-- Exercise aim --
Reproduce exactly the lines below, from the first one through the line containing "Ford Mustang Vintage", and omit any pictures.

[Exercise data Boundary: Start]

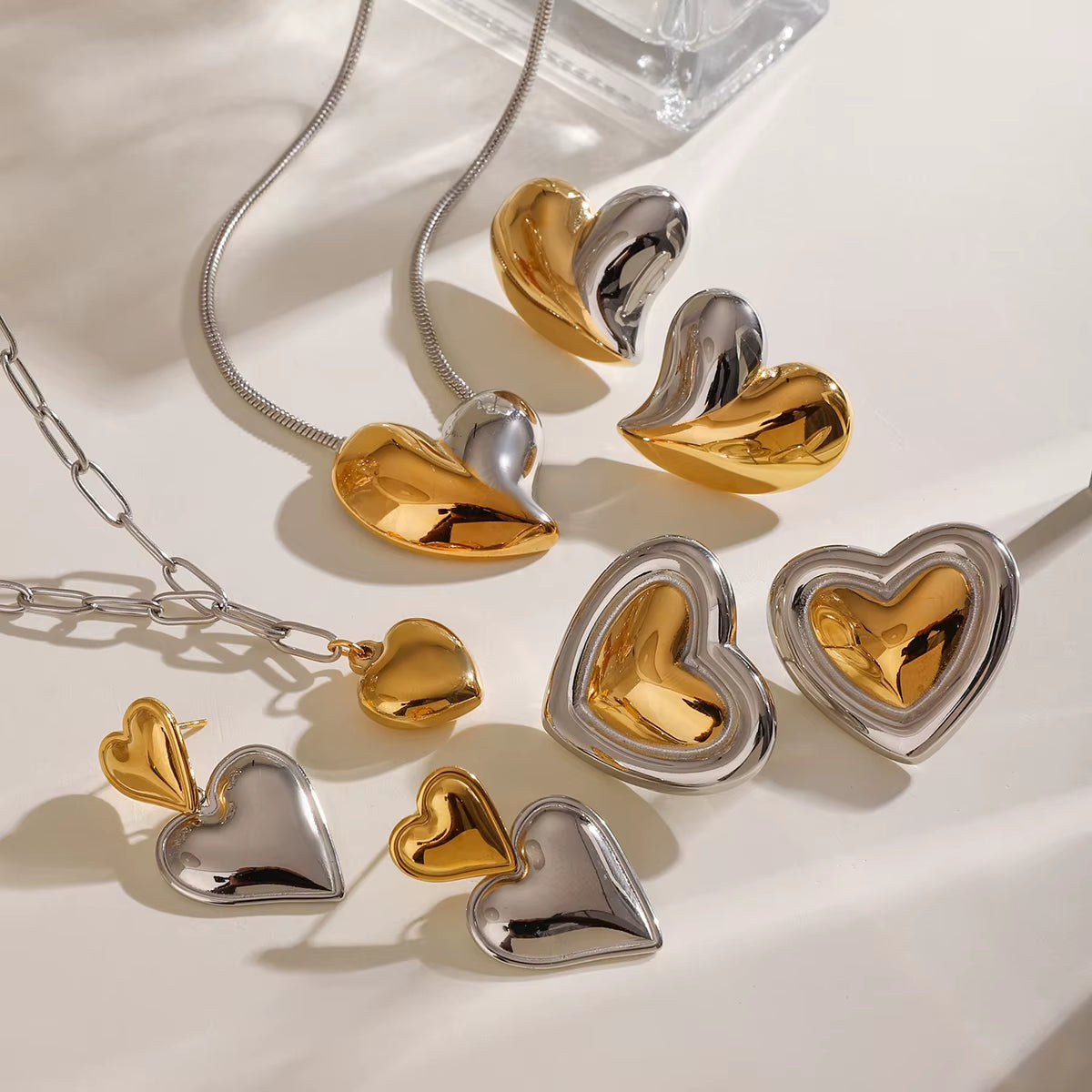 Youthway Love Heart Metal Pendant Necklace Stud Earrings Sets Gold Color Stainless Steel Premium Jewelry Delicate Gift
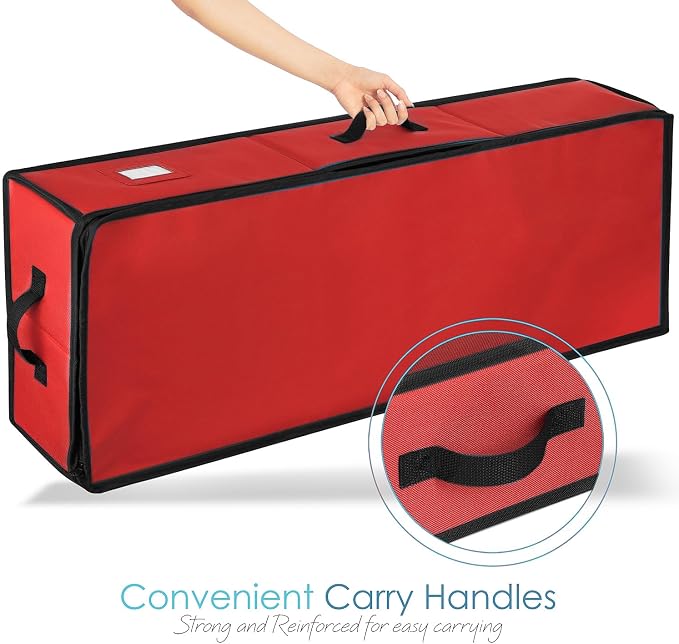 Hearth & Harbor Wrapping Paper Storage Container - Christmas Storage Bag with Ribbon Dispenser and Interior Pockets - Gift Wrap Organizer Fits Up to 26 Rolls of 40" Length, Red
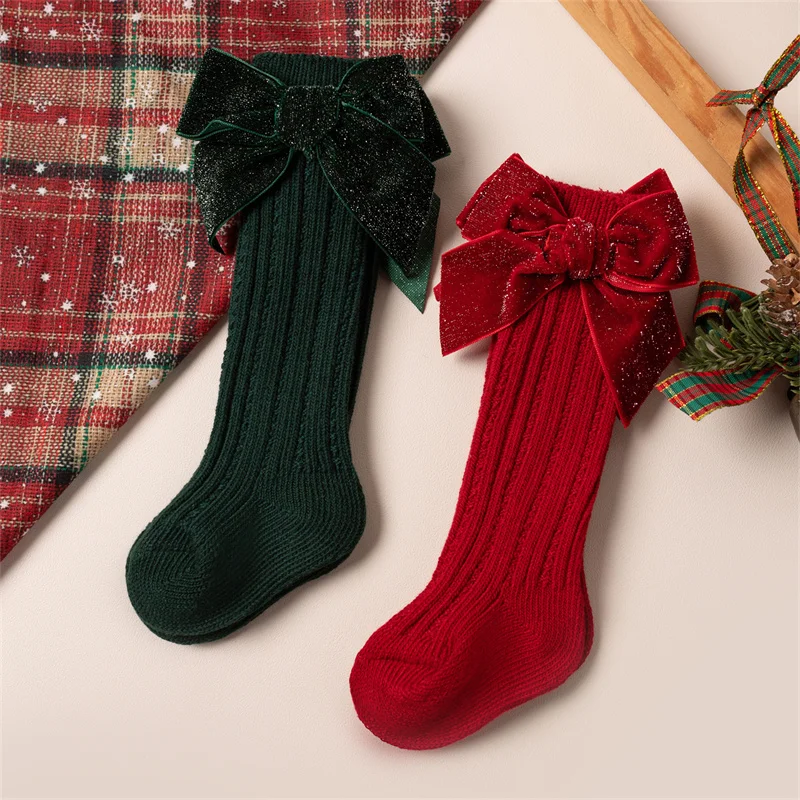 2 Paar/Set Weihnachts-Kniestrümpfe für Kleinkinder und Kinder, Mädchen, niedliche große Schleife, Neujahrs-Baumwoll-Langsocken, weiche warme Beinwärmer – Detail 8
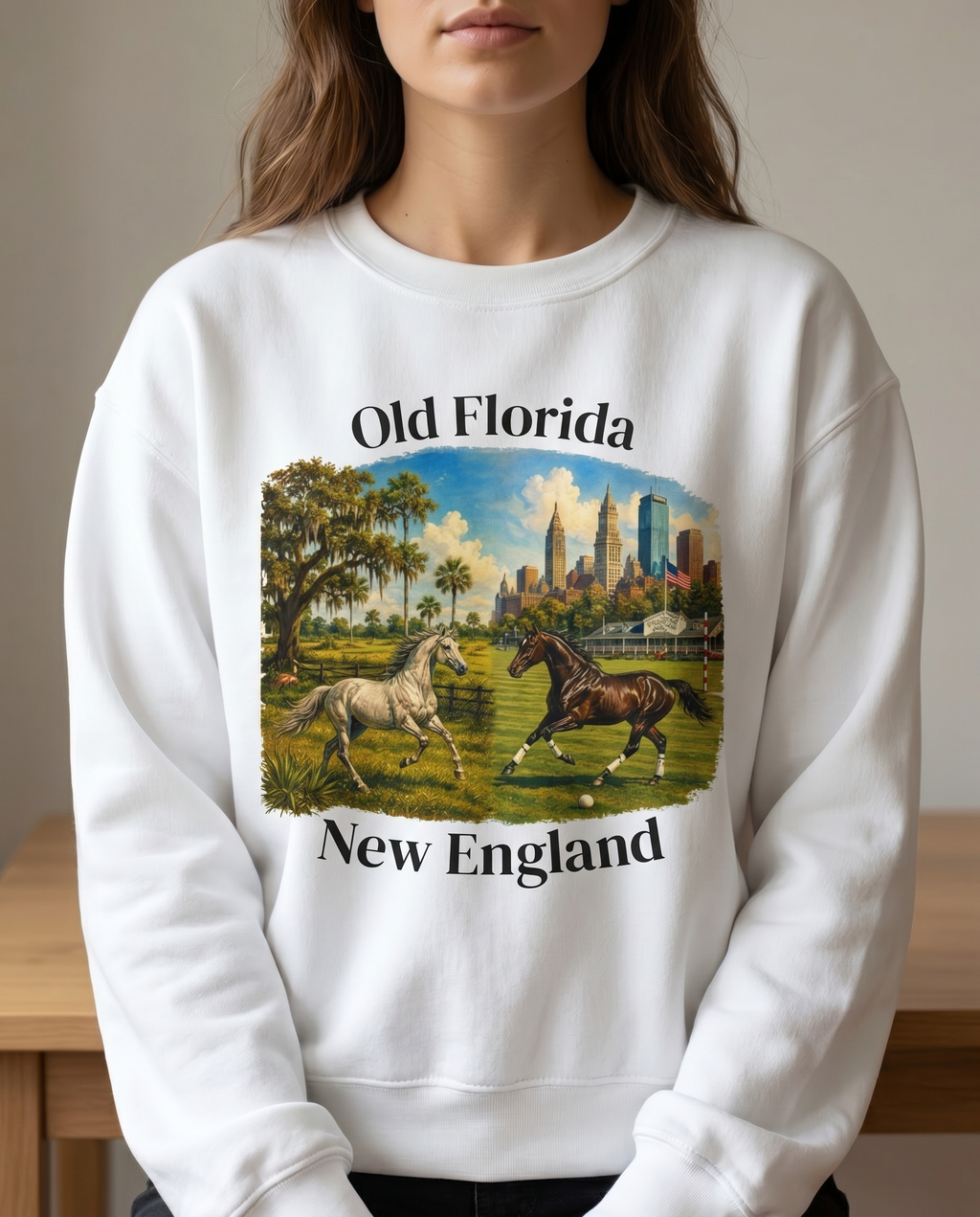 Hay to Rose Sweatshirt — chin-down close-up female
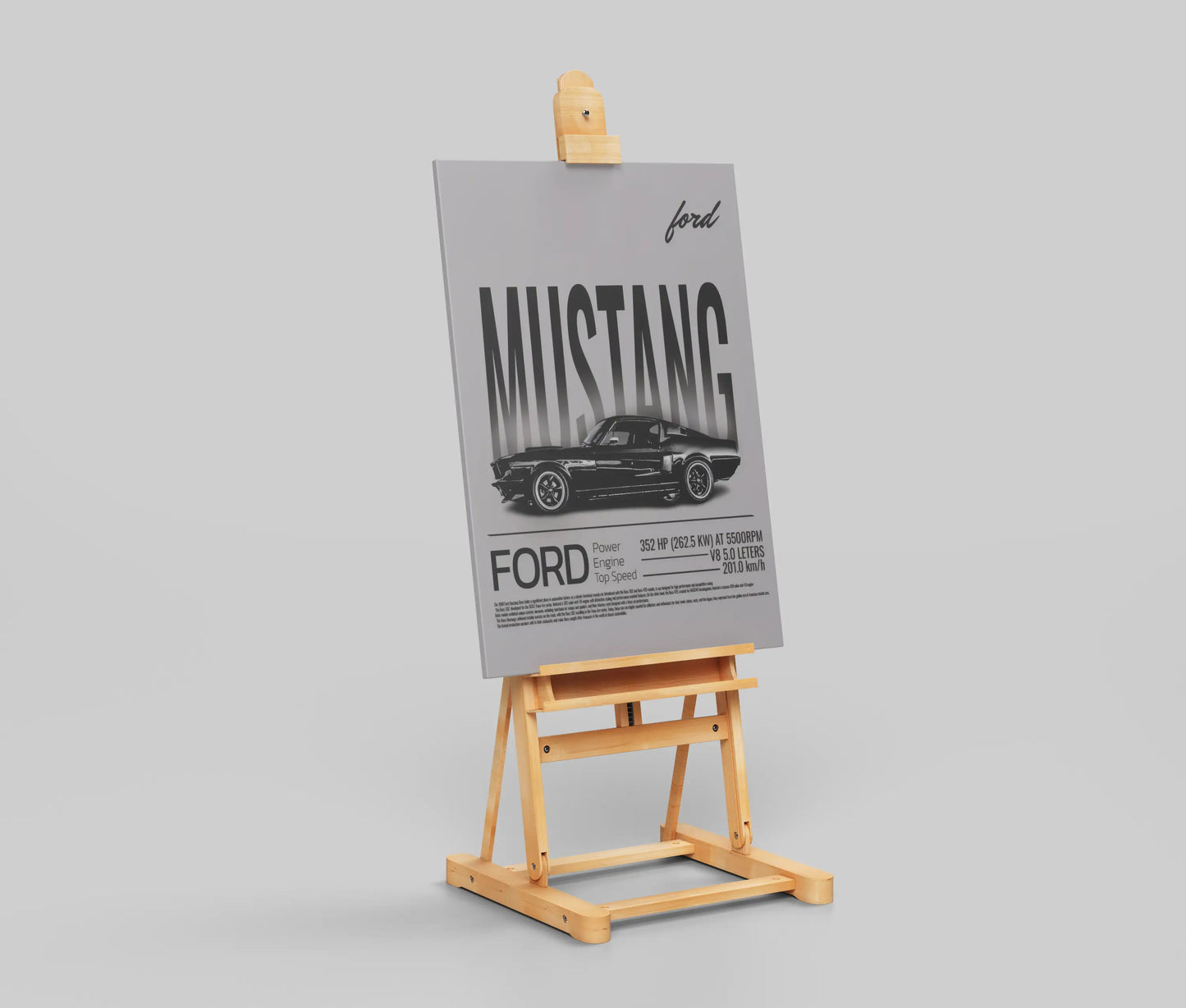 Ford Mustang Vintage Poster – Retro Car Wall Art | Classic V8 Muscle Car Decor for Garage & Office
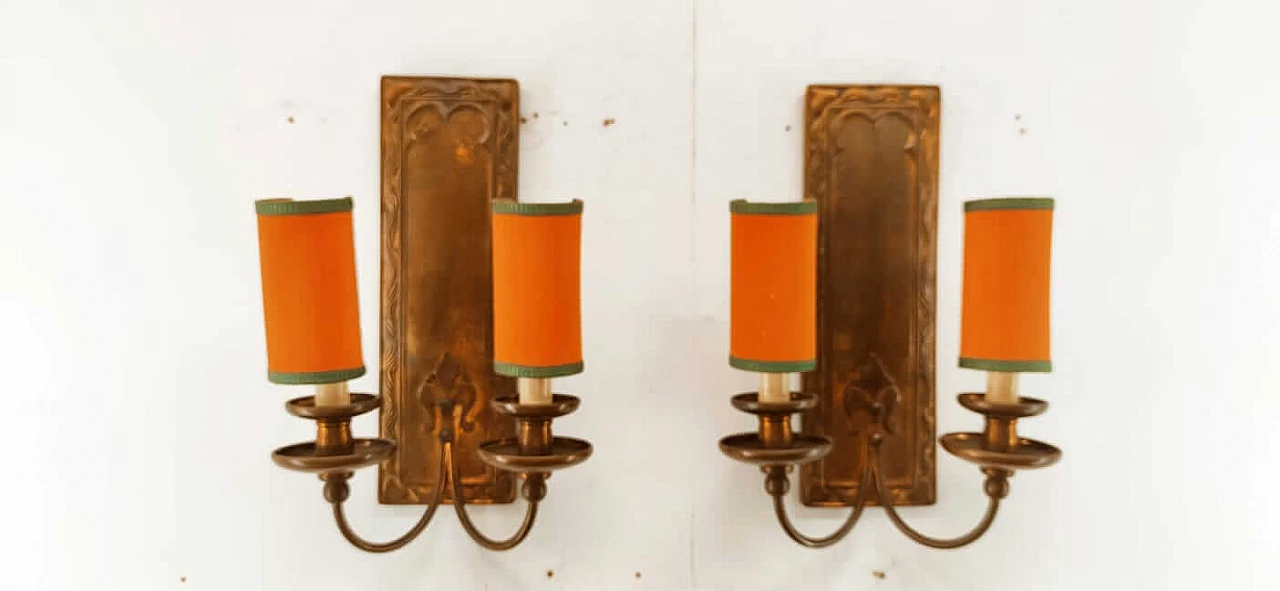 Coppered brass wall light with small fans, 1960s 3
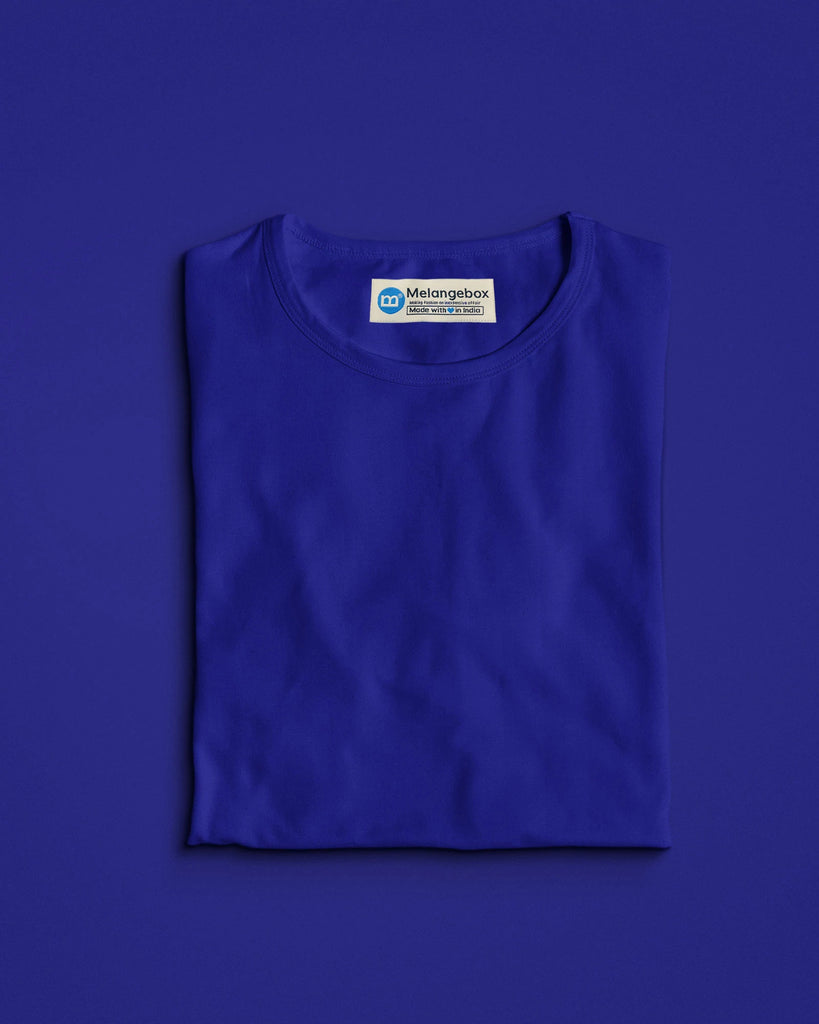 Melangebox Women Crew Neck Top: Royal Blue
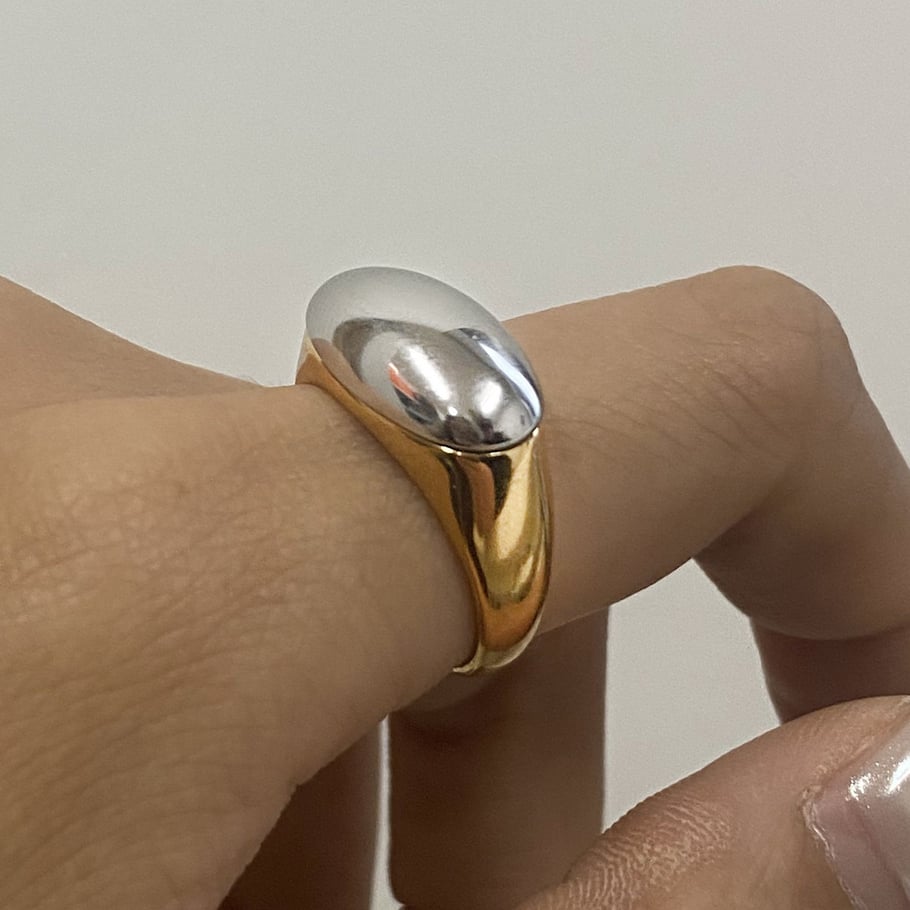 Anillos ajustables para mujer de acero inoxidable ovalado, color dorado, serie simple, Europa y América, 1 pieza Imagen9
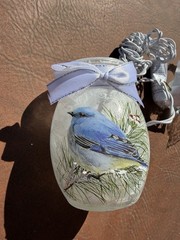 Stony Creek Blue Bird Decorative Glass Table Top Light Free Shipping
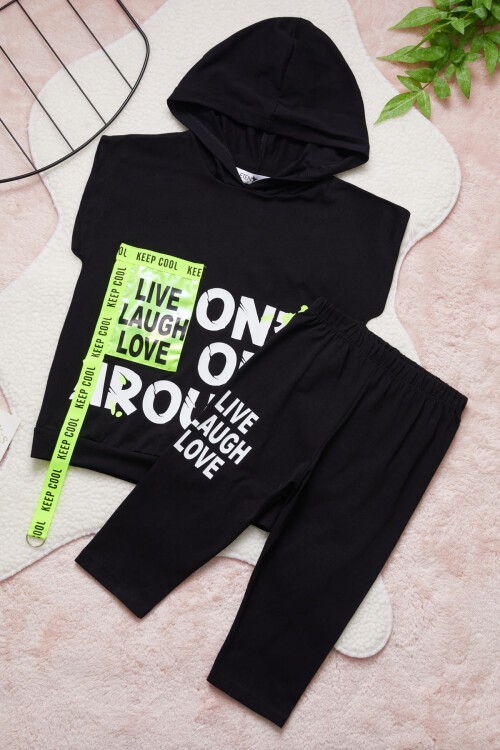 Yazı Baskılı Sıfır Kol Kapüşonlu Şortlu Kız Takım 15353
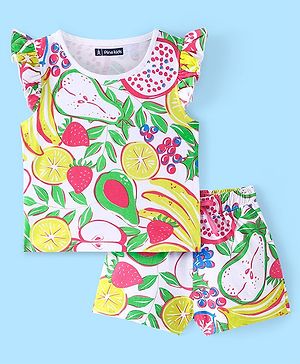 Pine Kids Cotton Knit Frill Sleeves Night Suit With Fruits Print - Multicolor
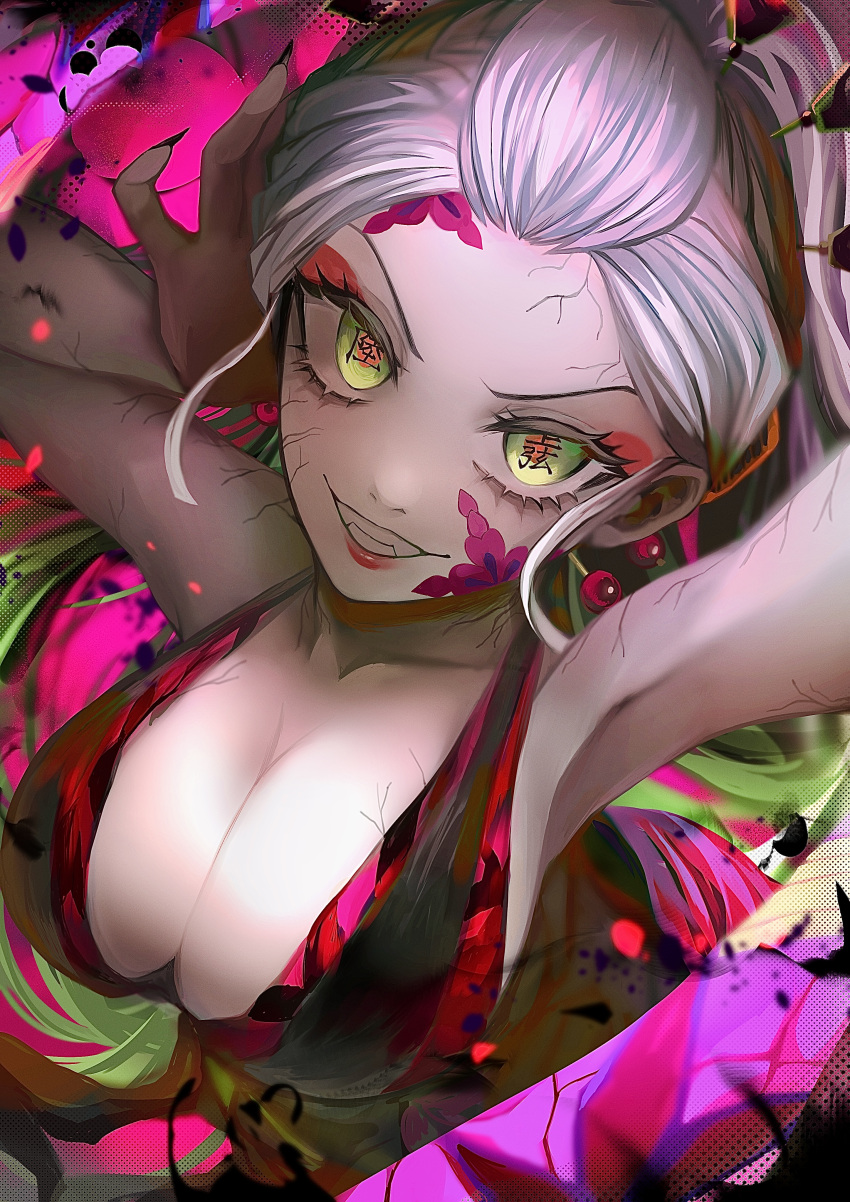 1girl absurdres arm_up breasts cleavage cracked_skin daki_(kimetsu_no_yaiba) facial_mark fangs from_above green_eyes grin hair_ornament hair_stick highres honmou_(pixiv64700875) japanese_clothes kimetsu_no_yaiba large_breasts long_hair looking_at_viewer smile solo text_in_eyes topknot white_hair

[Exercise data Boundary: End]

-- Output below --
 Youthway Love Heart Metal Pendant Necklace Stud Earrings Sets Gold Color Stainless Steel Premium Jewelry Delicate Gift
 Hearth & Harbor Wrapping Paper Storage Container - Christmas Storage Bag with Ribbon Dispenser and Interior Pockets - Gift Wrap Organizer Fits Up to 26 Rolls of 40" Length, Red
 2 Paar/Set Weihnachts-Kniestrümpfe für Kleinkinder und Kinder, Mädchen, niedliche große Schleife, Neujahrs-Baumwoll-Langsocken, weiche warme Beinwärmer – Detail 8
 Hay to Rose Sweatshirt — chin-down close-up female
 Ford Mustang Vintage Poster – Retro Car Wall Art | Classic V8 Muscle Car Decor for Garage & Office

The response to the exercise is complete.